Iterative solvers over BSR¶
trnsparse v0.3.2 adds cg_bsr and power_iteration_bsr — Conjugate
Gradient and power iteration on block-sparse row matrices. The API is
stable; the architectural story below explains why there's a v0.4.0
follow-up.
Why this matters¶
Large SPD linear systems and dominant-eigenpair problems show up across scientific computing:
- Quantum chemistry: Hamiltonian eigenvalue problems (HF, DFT, CI), response equations (CPSCF).
- PDE discretizations: stiffness-matrix solves for finite element methods, graph Laplacian systems.
- Graph learning: spectral embeddings, PageRank-like iterations.
The matrix A in each case is typically block-sparse (Fock matrices
after Schwarz screening; FEM stiffness tied to mesh connectivity;
graph adjacency). BSR is the Trainium-native representation for those
matrices (see architecture.md).
v0.3.2 — plumbing¶
import trnsparse
A = trnsparse.BSRMatrix.from_dense(fock_matrix, block_size=128)
b = compute_rhs()
x, iters, rel = trnsparse.cg_bsr(A, b, tol=1e-6, max_iter=1000)
# Jacobi-preconditioned variant:
M = trnsparse.jacobi_preconditioner_bsr(A)
x, iters, rel = trnsparse.cg_bsr(A, b, tol=1e-6, M=M)
lam, v, iters = trnsparse.power_iteration_bsr(A, max_iter=500)
Under the hood, each CG iteration calls bsr_spmm(A, x.unsqueeze(1))
once. On the NKI backend that's one kernel dispatch + one HBM
round-trip per iteration. On CPU it's torch.sparse-backed and
roughly on par with scipy.sparse.linalg.cg (benchmarked: 369 μs vs
310 μs at 128×128 SPD, 1.19× slower).
v0.4.0 — fused kernel with SBUF-resident A¶
The architectural claim from
#22: Trainium's 32 GB
SBUF per NeuronCore fits a 5000×5000 BSR Hamiltonian on-chip. CG
doesn't need to round-trip A to HBM at all — only x, r, and p.
The shape of the v0.4.0 kernel:
@nki.jit
def _cg_spd_kernel(A_blocks, A_cols, A_row_ptrs, b, max_iter):
# Load A blocks once into SBUF at the top.

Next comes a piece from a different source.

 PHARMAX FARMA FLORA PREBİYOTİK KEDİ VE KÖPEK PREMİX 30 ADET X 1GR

A_sbuf = nl.load(A_blocks)
# State: x, r, p in SBUF registers.
x = nl.zeros(...)
r = nl.copy(b)
p = nl.copy(r)
rr = nl.reduce(r * r)
for k in nl.affine_range(max_iter):
Ap = _bsr_matvec_sbuf(A_sbuf, A_cols, A_row_ptrs, p) # all SBUF
pAp = nl.reduce(p * Ap)
alpha = rr / pAp
x = x + alpha * p
r = r - alpha * Ap
rr_new = nl.reduce(r * r)
beta = rr_new / rr
p = r + beta * p
rr = rr_new
return x, residual_norm_history
Fixed max_iter, no early exit — returning the full residual history
lets the host pick the convergence point post-hoc (standard
NKI-inside-loop constraint: no dynamic control flow).

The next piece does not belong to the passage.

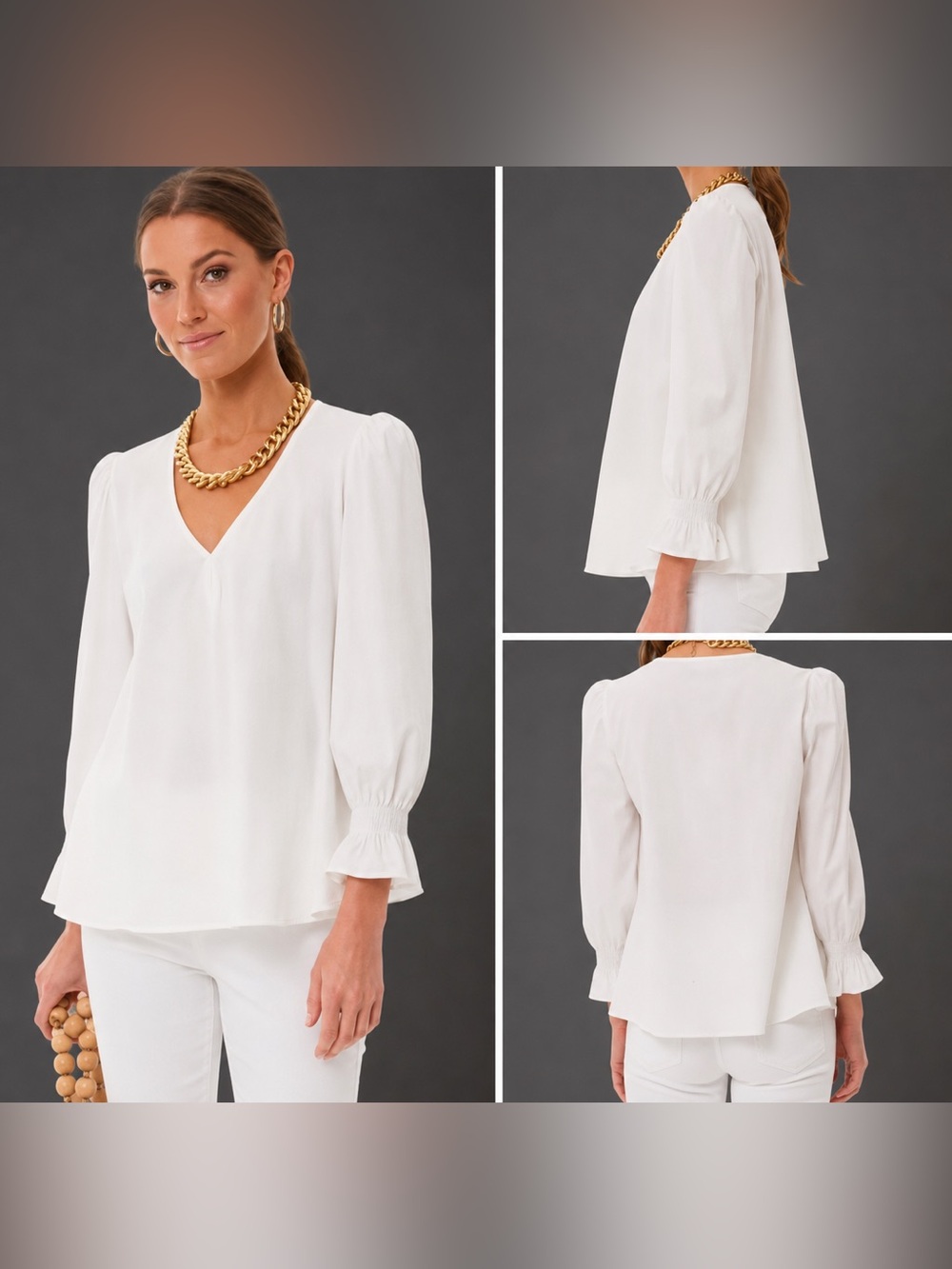 Pomander Place Easton Swing V Neck Long Sleeve Blouse in White Small Cotton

Expected regime where this wins: when
max_iter × dispatch_overhead > fused_kernel_cost + hbm_load_A_once.
For a 4000×4000 BSR Hamiltonian with ~100 iterations to convergence,
that's roughly an order of magnitude of wall-time reduction.
What needs to land first:
- Simulator-iterated kernel skeleton (now tractable thanks to the
nki-simulatorCI gate — see the NKI 0.3.0 migration in v0.3.1). - SBUF sizing model for
A— some workloads overflow 32 GB; then fall back to the v0.3.2 plumbing. - Dispatcher logic in
cg_bsrthat picks the fused kernel whenmax_iter * nexceeds a threshold.
Tracked in a dedicated sub-issue on trnsci/trnsparse.
Why CG and power iteration, not GMRES / Lanczos / Davidson¶
v0.3.2 covers the two most common algorithm families:
- CG for SPD systems — the workhorse for Hamiltonian solves, stiffness systems, and many PDE discretizations.
- Power iteration for dominant eigenpairs — the starting point for spectral methods, PageRank-like fixed points, and the iteration core inside Lanczos / Arnoldi / Davidson.
GMRES (general non-symmetric systems), Lanczos / Arnoldi (full spectrum), and Davidson (interior eigenvalues) are follow-ups when users ask for them. The v0.4.0 fused kernel's structure (load A once, iterate on-chip) generalizes trivially to those variants — it's the same architectural pattern.